Do mesmo modo, é aconselhável consultar a pertinência de regulamentações ou diretrizes adicionais fornecidas por agências reguladoras, como a Agência Nacional de Transportes Terrestres (ANTT) ou a Associação Brasileira de Normas Técnicas (ABNT), para garantir total conformidade com todas as regras e regulamentos aplicáveis relacionados ao transporte de cargas perigosas no Brasil.
 
 
4. Considerações Finais
 
É sabido que o Direito responde, evolutivamente, às mudanças sociais. Em um país de extensa malha rodoviária, responsável pela movimentação de grande parcela da economia, tem sido cada vez mais comum e previsível o fenômeno do roubo de cargas ― que culminou por se tornar um risco assumido na atividade de transporte.

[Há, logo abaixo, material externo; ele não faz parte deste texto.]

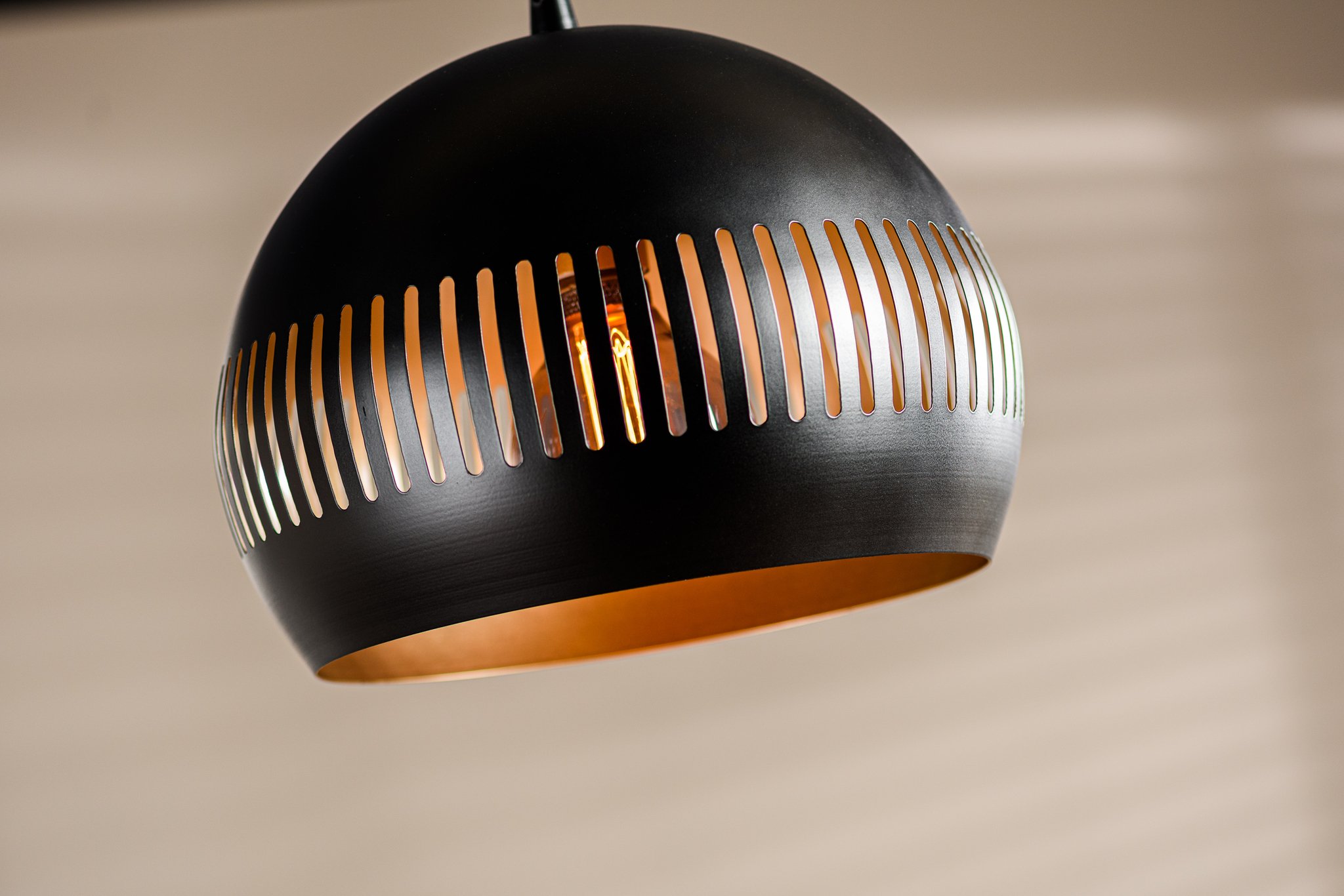 Een close-up van een moderne, zwarte hanglamp met verticale uitsparingen die het midden omcirkelen, waardoor een warme gloed van de lamp erin zichtbaar wordt. De achtergrond is een zacht wazige neutrale setting, wat een binnenomgeving suggereert.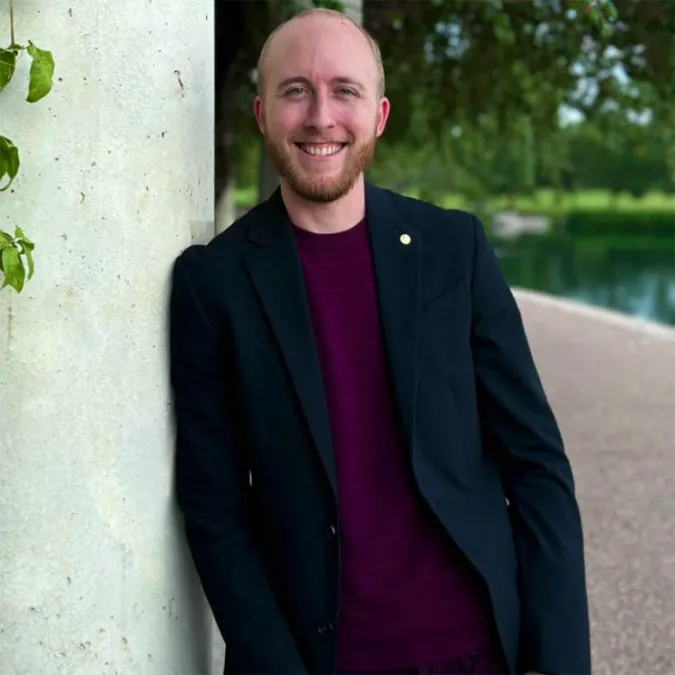 a headshot of Micah Rosenstien, leaning against a white pillar, surrounded by lush greenery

Tanto é que a cobertura securitária, antes facultativa em relação ao desapare-cimento de cargas, tornou-se, agora, obrigatória. O número grande de sinistros envolvendo terceiros também pode ter sido um fator a ter impulsionado a inclusão do Seguro de Responsabilidade Civil de Veículo (RC-V).
 
A assunção de um tom compulsório ao Plano de Gerenciamento de Risco também é um importante avanço ― em tom preventivo e não apenas ressar-citório como até então verificado.
 
Observa-se que as novas disposições introduzidas não apenas simbolizam um recrudescimento da cobertura securitária, como a majoração dos gastos na contratação. De qualquer modo, segue sendo essencial a conscientização de contratantes e transportadores de todos os liames de uma possível responsabilização, justamente com a finalidade de evitar processos judiciais, acidentes aos envolvidos e terceiros, bem como máculas ao nome da organização.